Listed entries below:

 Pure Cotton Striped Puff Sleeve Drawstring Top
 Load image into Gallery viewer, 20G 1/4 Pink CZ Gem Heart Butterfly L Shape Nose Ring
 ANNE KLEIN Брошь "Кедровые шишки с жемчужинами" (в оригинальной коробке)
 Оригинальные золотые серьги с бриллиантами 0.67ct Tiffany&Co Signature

End of Listed entries.
Listed entries below:

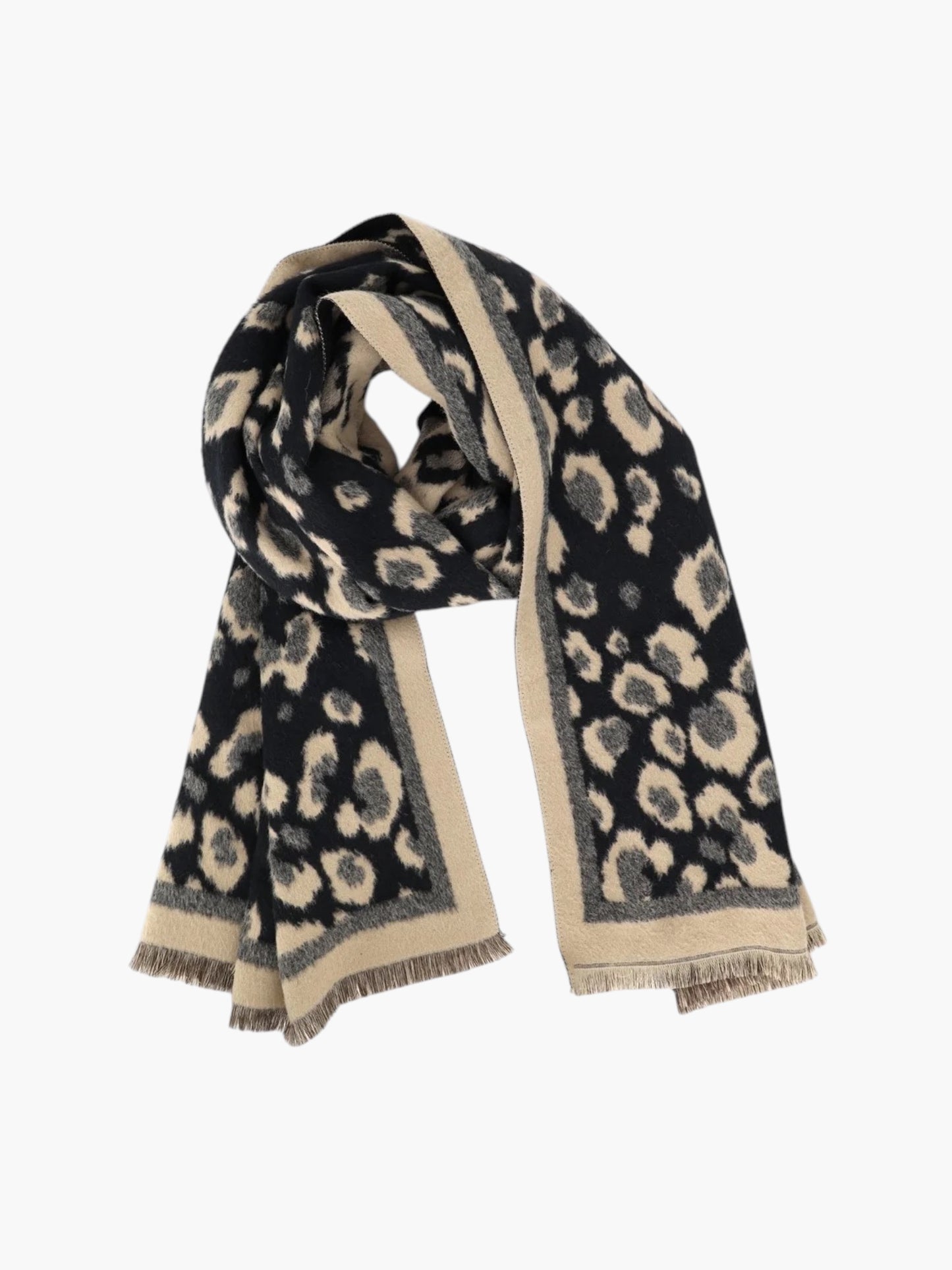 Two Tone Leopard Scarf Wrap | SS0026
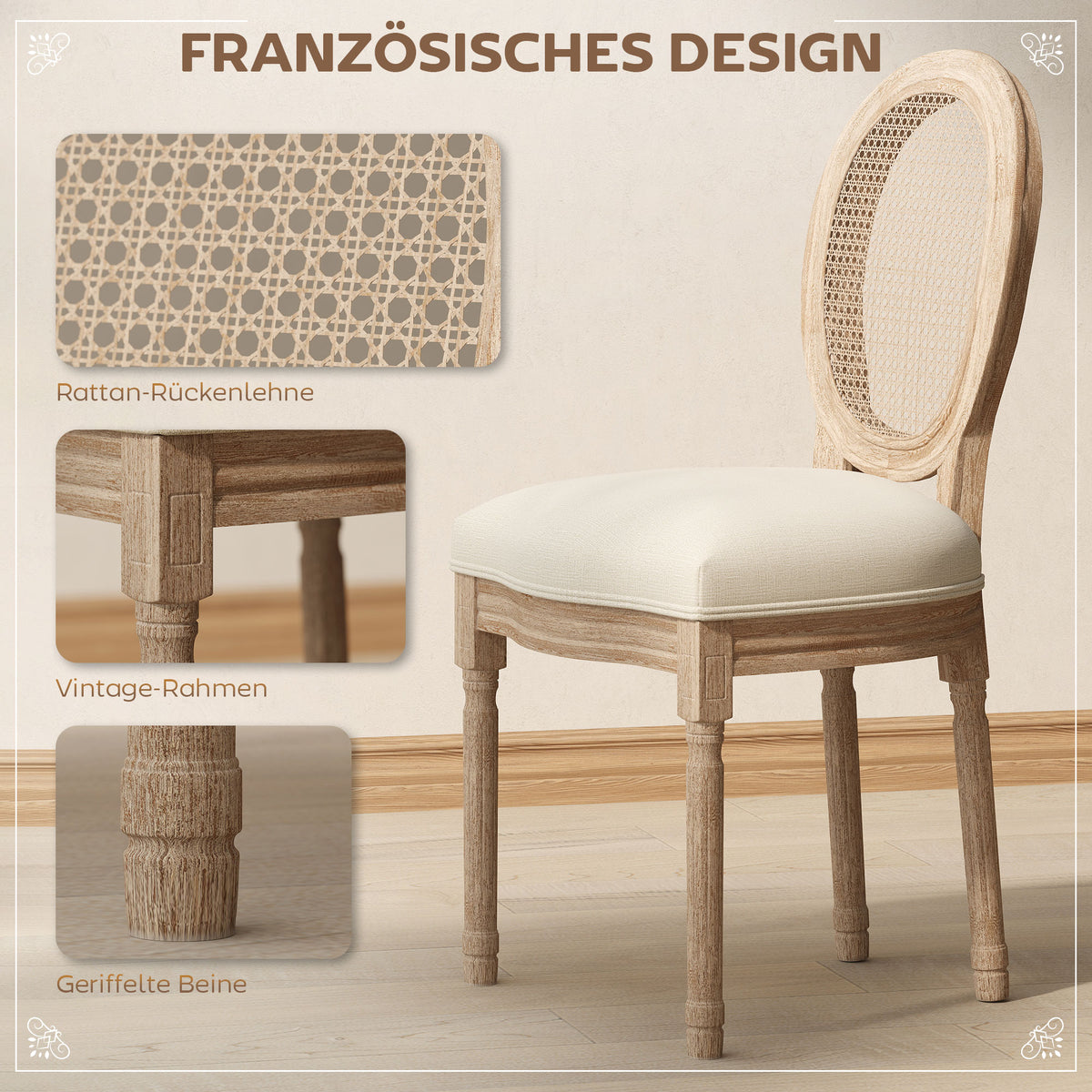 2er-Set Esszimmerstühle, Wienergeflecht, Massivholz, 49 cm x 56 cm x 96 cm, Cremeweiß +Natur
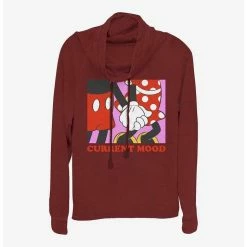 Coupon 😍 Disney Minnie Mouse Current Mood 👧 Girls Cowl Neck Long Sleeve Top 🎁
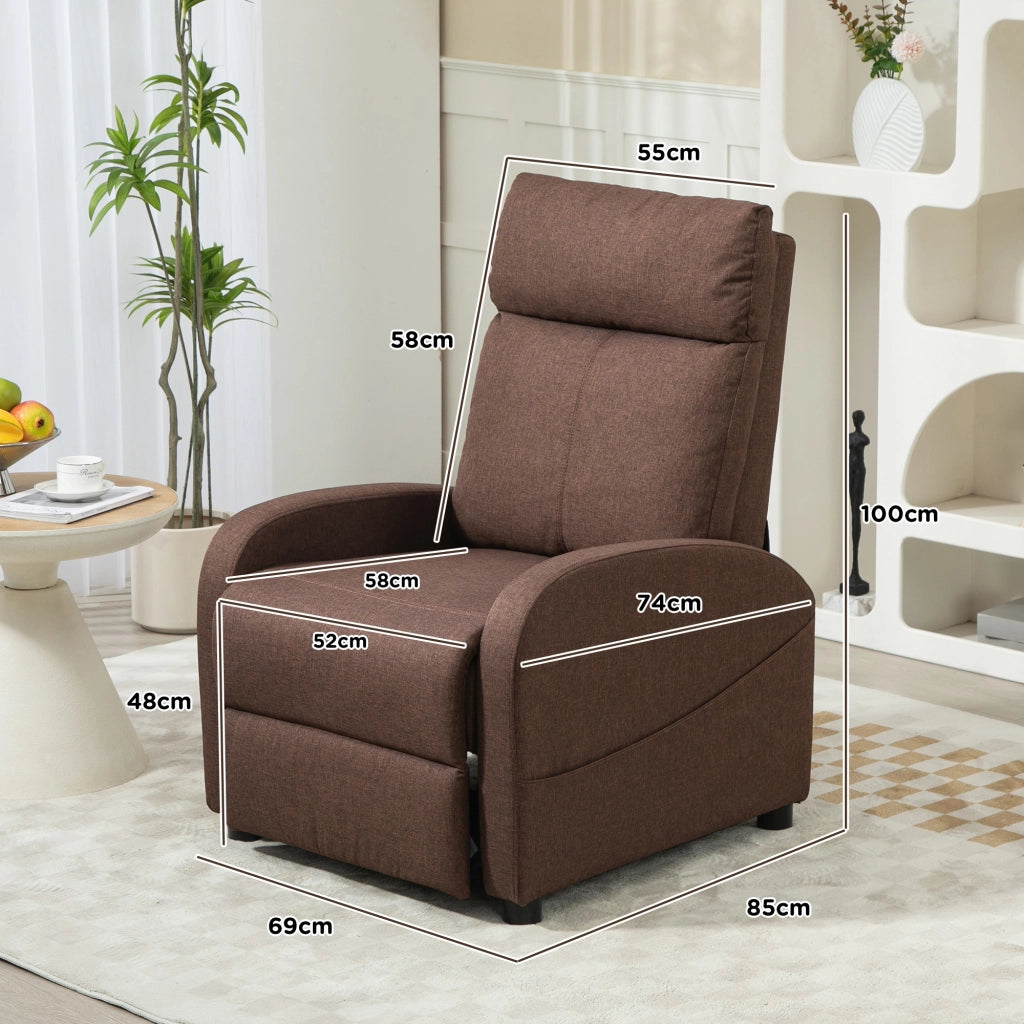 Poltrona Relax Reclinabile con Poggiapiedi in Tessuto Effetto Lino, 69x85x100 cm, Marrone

End of Listed entries.
Listed entries below:

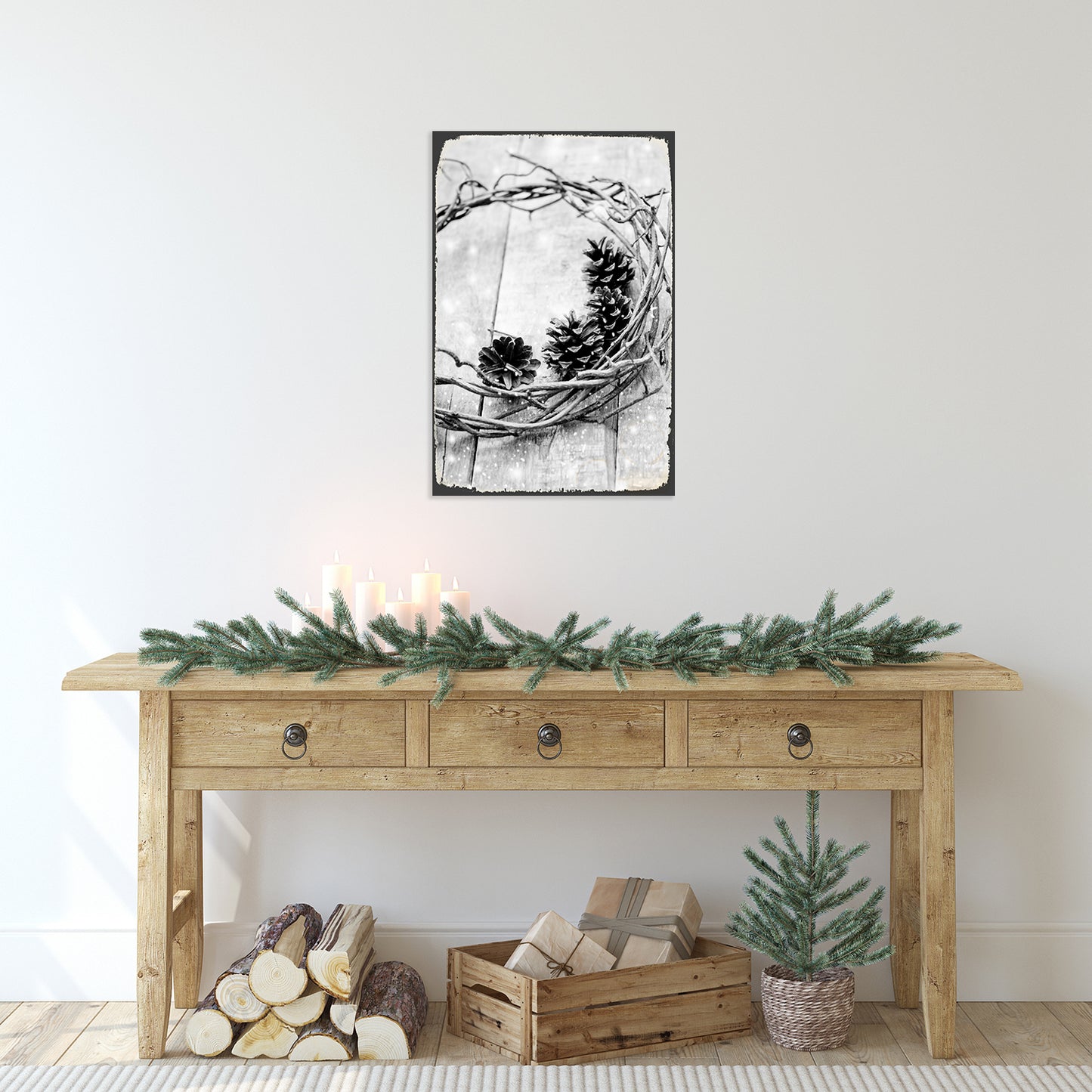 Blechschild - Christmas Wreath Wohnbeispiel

End of Listed entries.

**Exercise instructions**
In the data above, find the line that contains "Pure Cotton Striped" and the line that contains "ANNE KLEIN Брошь". Repeat exactly those lines and every line between them, and only those.

**Answer area**
 Pure Cotton Striped Puff Sleeve Drawstring Top
 Load image into Gallery viewer, 20G 1/4 Pink CZ Gem Heart Butterfly L Shape Nose Ring
 ANNE KLEIN Брошь "Кедровые шишки с жемчужинами" (в оригинальной коробке)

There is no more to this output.